- [What to work on]:
Give the entries again exactly. Skip the pictures.

☆ ☆ ☆

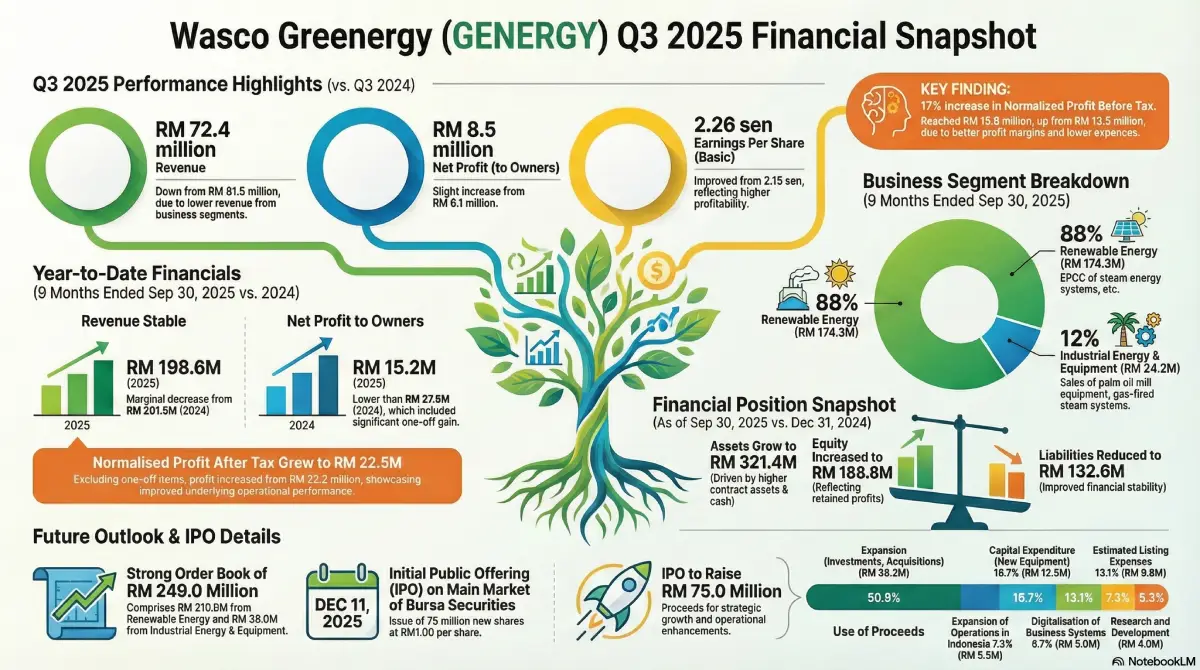 GENERGY (5343) Financial Review Q3 FY2025 Chart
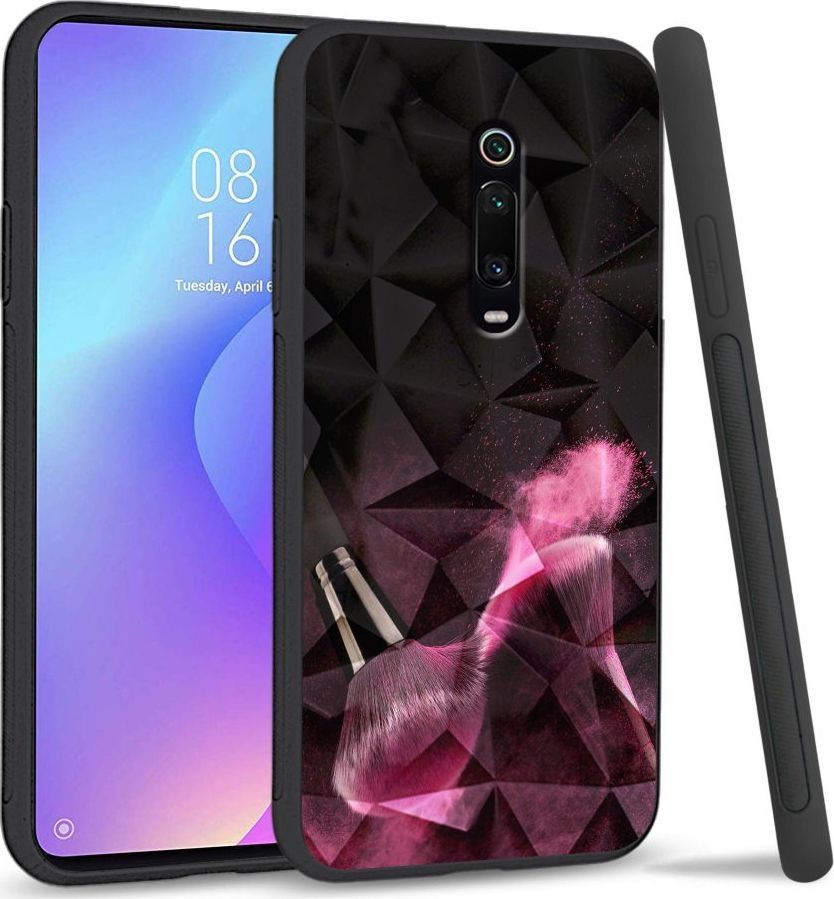 Super Fashion Etui na telefon Xiaomi MI9T Crystal Case Pink powder brush 1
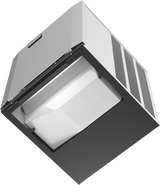 A silver and black high capacity ice machine is shown from a low angle. The air-cooled ice maker features a large front hatch, side air vents, flat top, and modern boxy design. Its ice collection bin is visible through the open hatch.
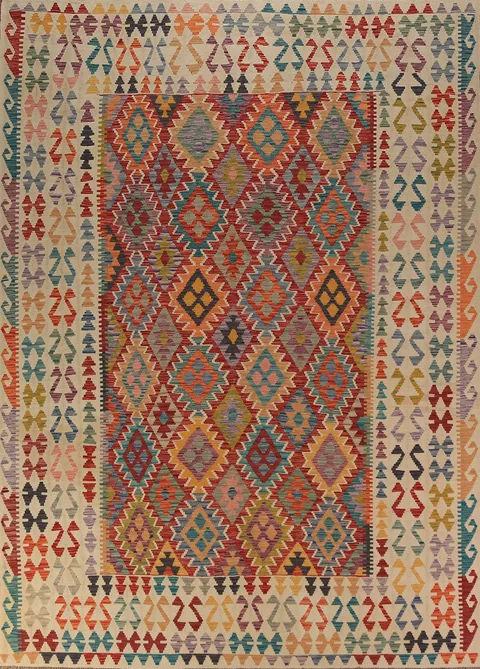 Flat Weave Geometric Kilim Oriental Area Rug 8x11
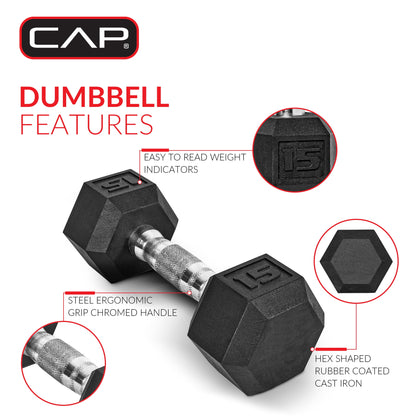 Barbell, 8Lb Coated Rubber Hex Dumbbell, Pair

☆ ☆ ☆

- [Task result]:
 GENERGY (5343) Financial Review Q3 FY2025 Chart
 Super Fashion Etui na telefon Xiaomi MI9T Crystal Case Pink powder brush 1
 A silver and black high capacity ice machine is shown from a low angle. The air-cooled ice maker features a large front hatch, side air vents, flat top, and modern boxy design. Its ice collection bin is visible through the open hatch.
 Flat Weave Geometric Kilim Oriental Area Rug 8x11
 Barbell, 8Lb Coated Rubber Hex Dumbbell, Pair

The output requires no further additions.